Try it: Transcribe all data verbatim. Skip the pictures.
(The records begins)
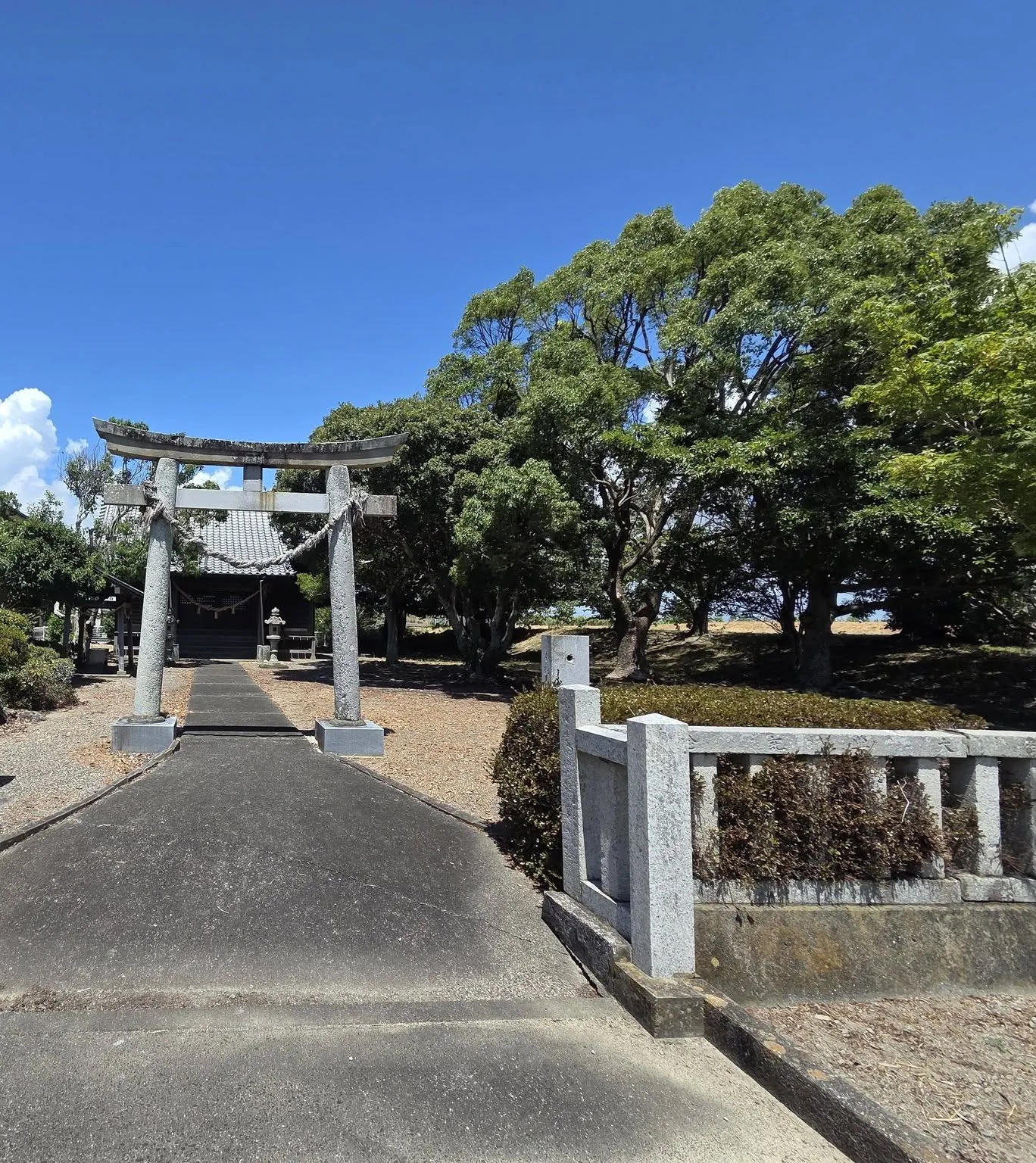 鳥居と社叢に囲まれた水神社の社殿。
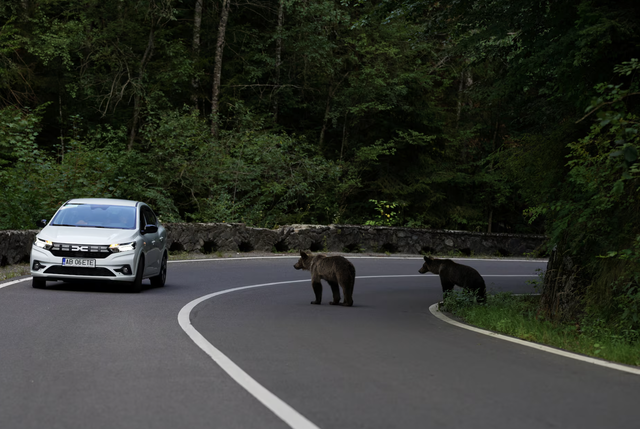 Romania expands bear cull, critics say enforcement gaps persist- Ảnh 1.
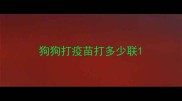 狗狗打疫苗打多少联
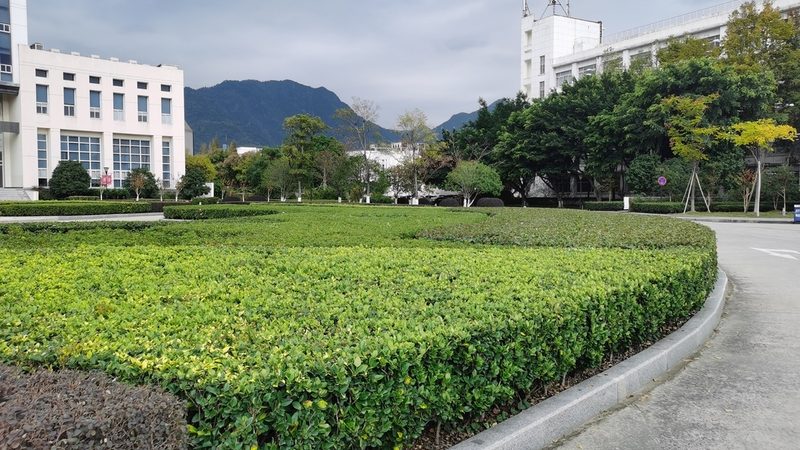 上海花园庭院设计：细节决定成败**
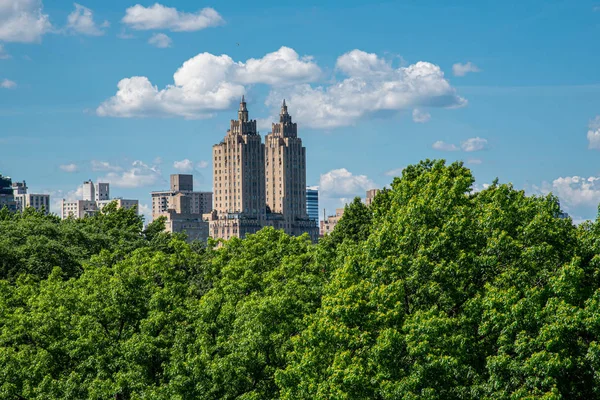 Views of Central Park from the roof top of the MET — Stock Photo, Image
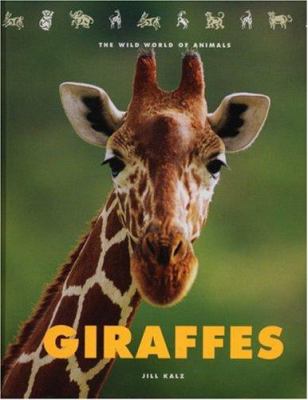 Giraffes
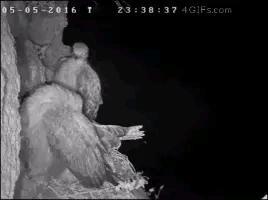 猫头鹰的天敌是白天的游隼，游隼的天敌是夜晚的猫头鹰[doge]白天的天空，是游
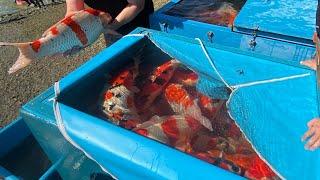Shintaro Main Koi Harvest 2019 Event
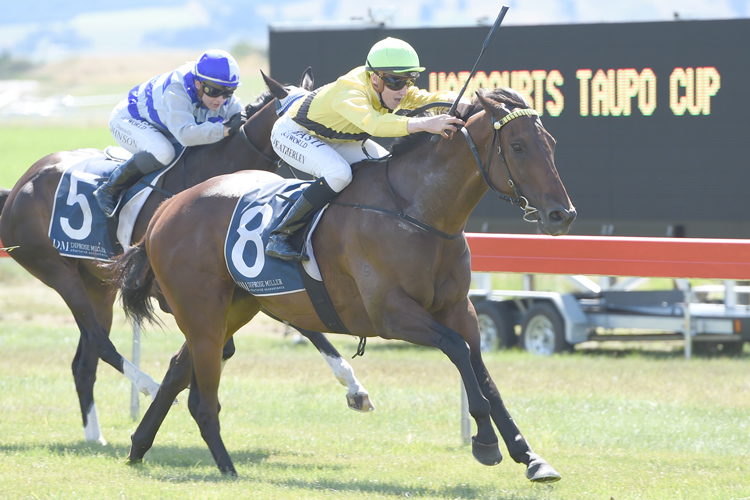 Nothing Trivial winning the Harcourts Taupo Cup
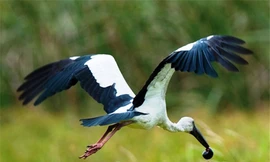 Gần 100 con cò nhạn quý hiếm bất ngờ xuất hiện tại Huế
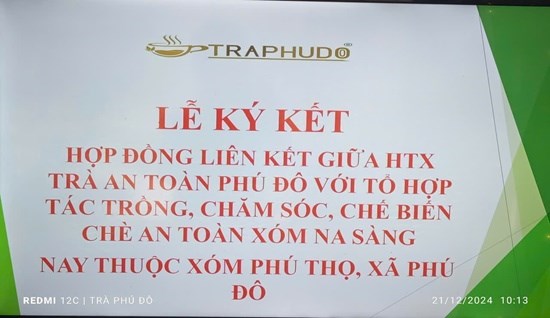 Lễ ký kết hợp đồng liên kết trong sản xuất chè giữa HTX trà an toàn Phú Đô và tổ hợp tác trồng, chăm sóc, chế biến chè an toàn xóm Na Sàng, nay thuộc xóm Phú Thọ, xã Phú Đô, huyện Phú Lương, (Thái Nguyên).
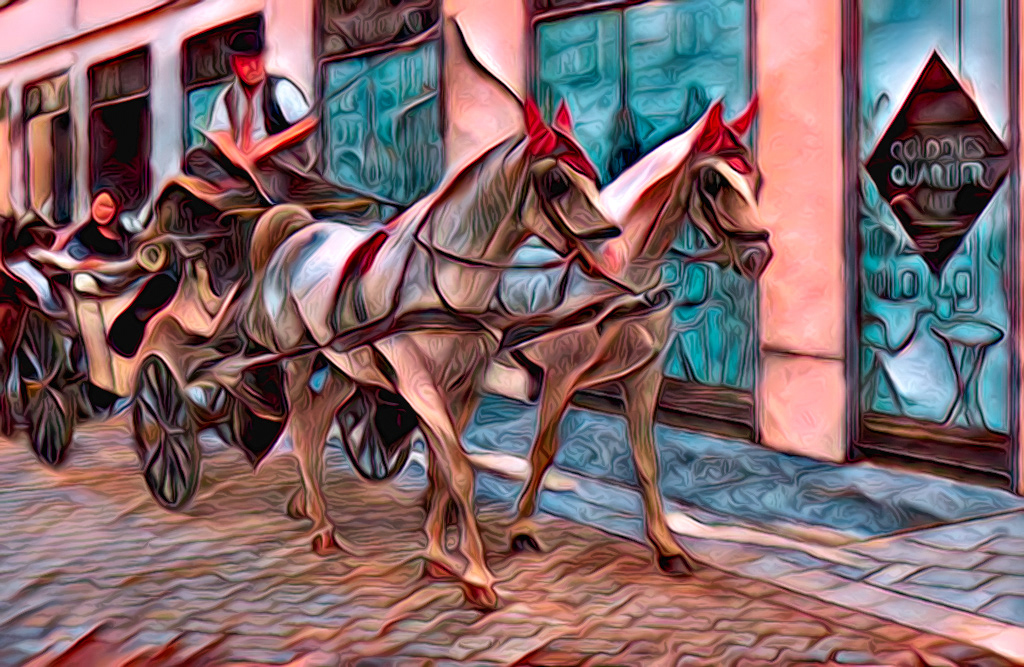 Vienna Ride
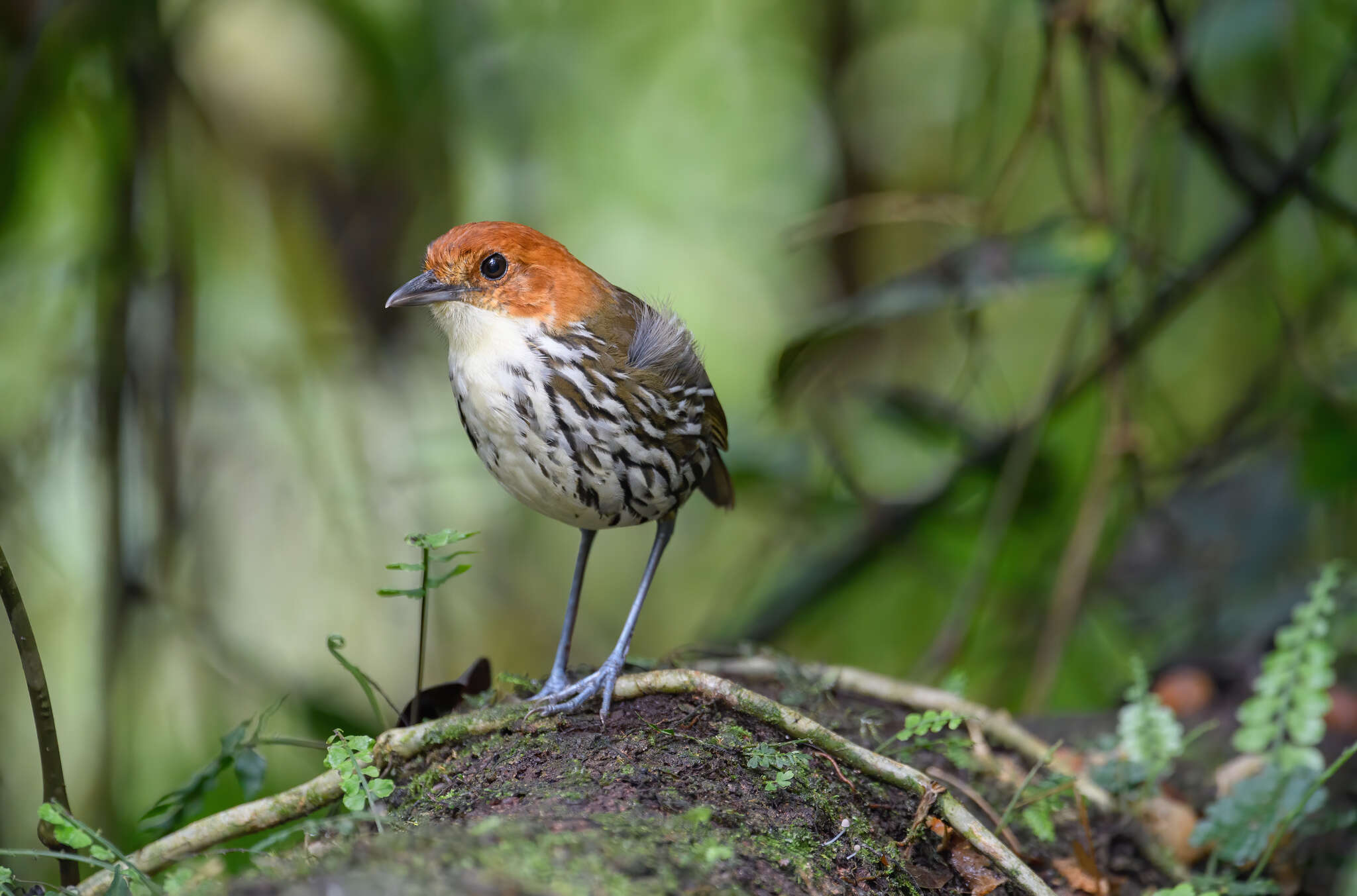 Image of Chestnut-crowned Antpitta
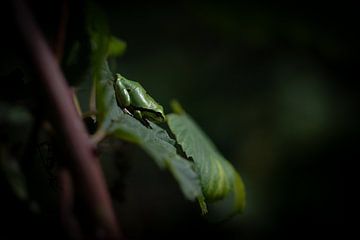 Tree frog by Karin van Rooijen Fotografie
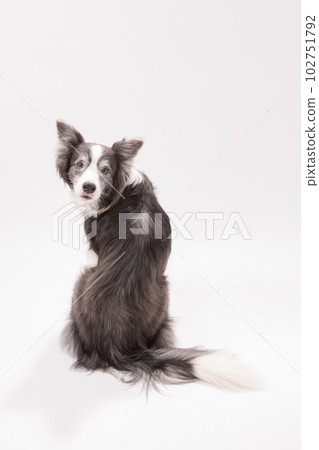 藍領邊境牧羊犬 102751792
(The records ends)
Answer for the task:
 鳥居と社叢に囲まれた水神社の社殿。
 Romania expands bear cull, critics say enforcement gaps persist- Ảnh 1.
 狗狗打疫苗打多少联
 上海花园庭院设计：细节决定成败**
 Views of Central Park from the roof top of the MET — Stock Photo, Image
 Giraffes
 猫头鹰的天敌是白天的游隼，游隼的天敌是夜晚的猫头鹰[doge]白天的天空，是游
Shintaro Main Koi Harvest 2019 Event
 Nothing Trivial winning the Harcourts Taupo Cup
 Gần 100 con cò nhạn quý hiếm bất ngờ xuất hiện tại Huế
 Lễ ký kết hợp đồng liên kết trong sản xuất chè giữa HTX trà an toàn Phú Đô và tổ hợp tác trồng, chăm sóc, chế biến chè an toàn xóm Na Sàng, nay thuộc xóm Phú Thọ, xã Phú Đô, huyện Phú Lương, (Thái Nguyên).
 Vienna Ride
 Image of Chestnut-crowned Antpitta
 Tree frog by Karin van Rooijen Fotografie
 藍領邊境牧羊犬 102751792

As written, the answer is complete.